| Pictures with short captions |
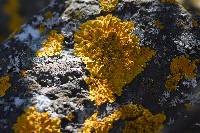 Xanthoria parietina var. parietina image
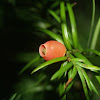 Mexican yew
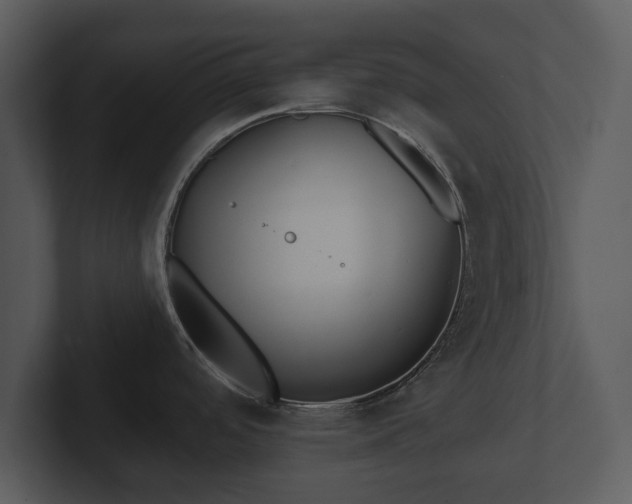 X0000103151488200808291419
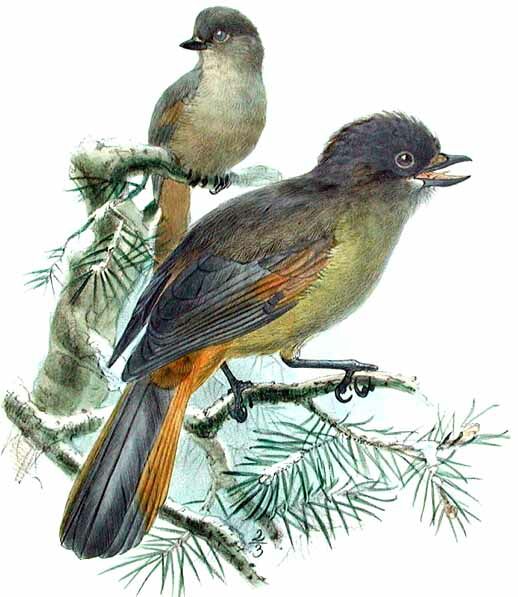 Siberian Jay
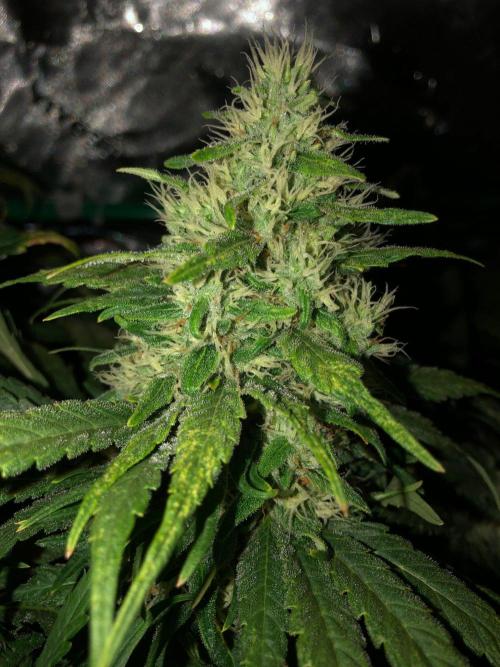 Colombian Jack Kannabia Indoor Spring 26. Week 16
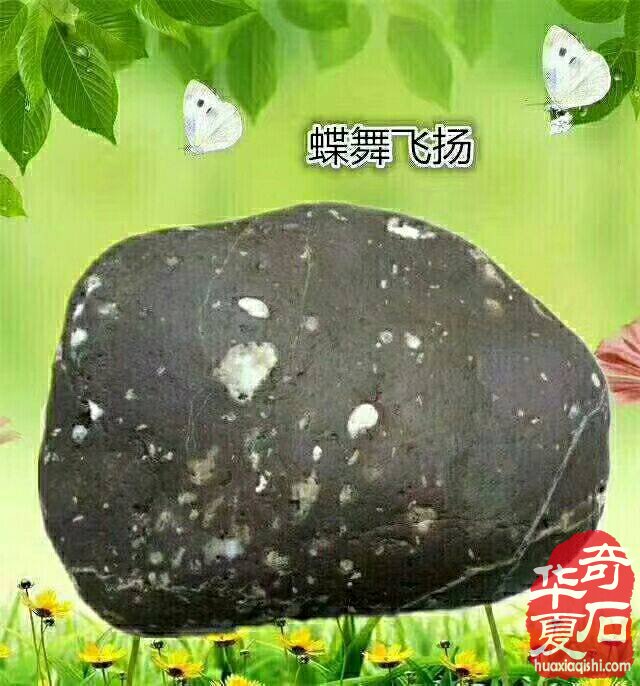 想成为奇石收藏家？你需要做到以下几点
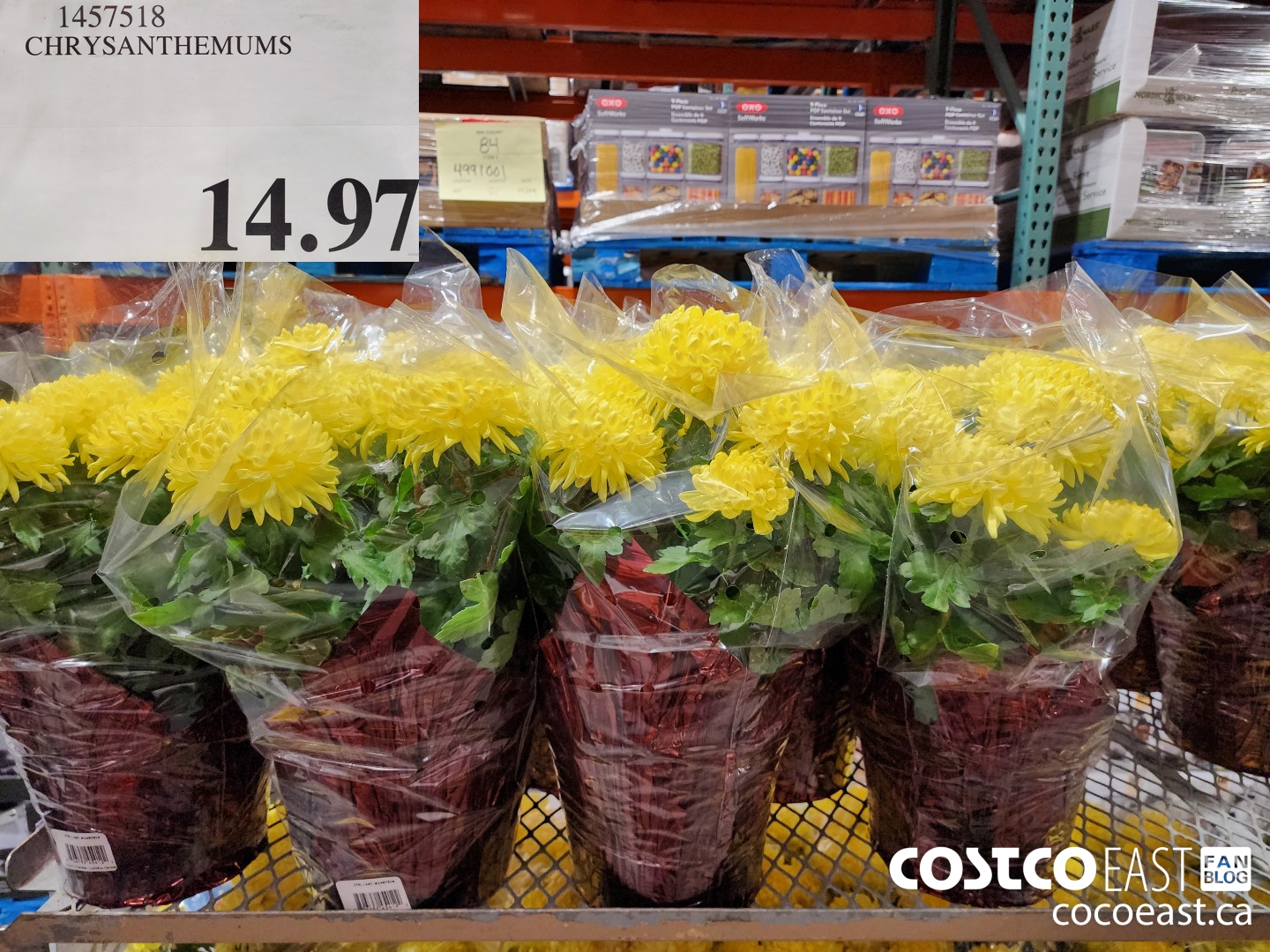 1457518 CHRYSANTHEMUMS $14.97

| PROBLEM DESCRIPTION |
Exact repetition of all the records is required, with the pictures excluded.

| ANSWER FOR THE TASK |
 Xanthoria parietina var. parietina image
 Mexican yew
 X0000103151488200808291419
 Siberian Jay
 Colombian Jack Kannabia Indoor Spring 26. Week 16
 想成为奇石收藏家？你需要做到以下几点
 1457518 CHRYSANTHEMUMS $14.97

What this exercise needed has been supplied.